So to achieve that, you need to be able to track all the interactions within the system—links, comments, collaboration, whatever—and then integrate the search function with the resultant database of relationships (whilst at the same time allowing users to withhold the personal information of their choice for data privacy), and make the whole accessible through an intuitive and consistent UI. Just as Google can track the hyperlinks between web sites thanks to the consistency of the http protocol, the information architecture of a semi-closed network must be integrated at the deepest level for it to function organically. Tikiwiki evidently has many merits but it doesn't embody such an integrated information architecture and UI (such a product hasn't yet been made—but I believe I've designed it!). What is being proposed on your wiki is a patchwork of ingenious technological solutions, which I'm sure will in itself be a valuable resource. But, from my point of view, the network itself must constitute an integrated, consistent whole if you wish to facilitate the emergence of multidimensional community with nested autonomies, emergent decision making and flexible search and permissions "scoping" for the human beings who utilise that technology as a community-building tool.

> [a network] fosters emergent and focused decision making process

>> Very important. We have some ideas but would like more.

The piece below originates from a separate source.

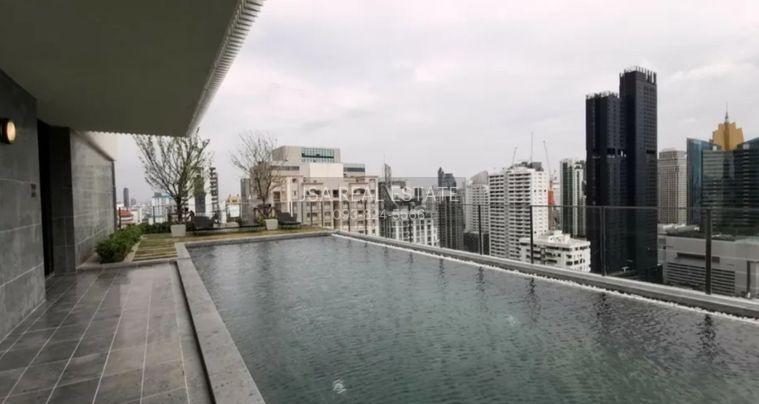 picture ✨ For Rent: Noble Recole Condo ✨ 💰 Only 45,000 THB/month - 5/5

So if you have a network that allows the tracking of the organic connections within it, and if each community member had their own space within which to express themselves, the community's space could track (via RSS feeds) what each member writes on the topic under debate. At the same time, compelling ideas would get linked to by other community members and hence percolate to the top of a search on that topic within that community (remember that the search can be "scoped" according to any meta-data criteria—including social group). Community members are motivated to participate in creating network content in the knowledge that it will feed back into community processes such as this decision making. For further cross-fertilisation of ideas, the community could look beyond their own boundaries to the popular posts on the same topic across the network, or across the web as a whole (with Google/Technorati). Then you might be at the point where a voting system could resolve any remaining conflicts.

> to what extent is expressing a human being’s identity as a set of numbers useful in a social network context?

>> Sounds like you are saying, 'reducing a human being to a set of numbers' and I don't think that is a good idea. Think of the eBay ratings, where there is a list of verbal comments attached to numbers that give an overall sense of the feeling. So a set of numbers can give a sense to a qualitative set of information attached to it.

The verbal comments certainly would help, I agree. But I feel it's important to remember a big difference between eBay and the Open Co-op is that while with eBay the community of the bulletin boards is a layer on top of the core trading mechanism, which focuses on price and service standards as highly measurable criteria gauged mostly by people with no direct social connection with one another, in the Open Co-op you are mixing the social and the commercial. That is the strength of your vision. But it brings with it a whole new set of challenges (as I'm sure you're only too aware!), in that people's undeclared social affiliations, personality issues and political agendas will surely impact on the transparency of a rating system that is abstracted from the actual, traceable interactions within the online network. Perhaps a combination of organic and declarative (ratings) systems could work, so you could check out the organic connections between a rater and a rated person?